I had a great run of a couple of months before starting this new job (teaching creative writing at Plymouth) - and delved deep into writing a new novel, my first one for teenagers.
The other week I woke early one morning, gazed out towards a sunrise, and penned a couple of hundred words. As the crimson sun rose above trees I gazed on, letting the plot structure for the rest of the book assemble in my mind. Last time I did that, I failed to note the ideas down. This time I picked up my pen again and captured them.

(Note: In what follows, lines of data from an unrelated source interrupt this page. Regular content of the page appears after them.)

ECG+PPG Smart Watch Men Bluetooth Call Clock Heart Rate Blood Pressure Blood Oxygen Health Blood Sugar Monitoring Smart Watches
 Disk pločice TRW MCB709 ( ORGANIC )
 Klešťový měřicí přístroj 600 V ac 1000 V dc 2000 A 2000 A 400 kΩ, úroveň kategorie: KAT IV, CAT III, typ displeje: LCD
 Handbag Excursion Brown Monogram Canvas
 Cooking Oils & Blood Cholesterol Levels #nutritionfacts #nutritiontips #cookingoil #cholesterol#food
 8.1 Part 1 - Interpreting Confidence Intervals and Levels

At some point in the next few weeks my new run of life should establish a rhythm that lets writing back into it. For now, that old adage one preaches to emerging writers, 'read read read', is taking effect. Books I re-read to teach keep teaching me. Homer's Odyssey took me back into a Hellenic world sympathetic to my own world-view, (alien to the world of my subsequent Judaeo-Christian culture,) in which the natural world plays a wild and natural part. Angela Carter's 'The Loves of Lady Purple' joined with Margaret Atwood's Penelopiad to make me think how the stories we inherit might change our lives, and that sometimes we might need to reinvent those stories in order to move our lives forward.
A comment by Philip Pullman impressed me some years ago. Writing for teenagers gives a writer freedom, for children are free to take imaginative bounds, they will cross genres with you. I'm enjoying that freedom ... and I suppose I am also reinventing the story of life, since what my adult world dismissed as fantasy is for me in fact very real. I am working to make that 'fantasy' world real within a book, so that children can inhabit it.
My favourite book as a child was a story about Pegasus the flying horse. I could hear it read to me over and over again. My mother never interrupted her reading to remind that such tales were ridiculous. She enjoyed conjuring me into a world that I found more pleasurable and exciting than my mundane one. So adults don't always decry fantasy. They tell tales about fairies and Father Christmas. Silly for adults, of course, but so fine for children.
In writing for kids, I am refashioning that talent that was imbued in me as an infant, to rejoice in what is scary, magical and remarkable.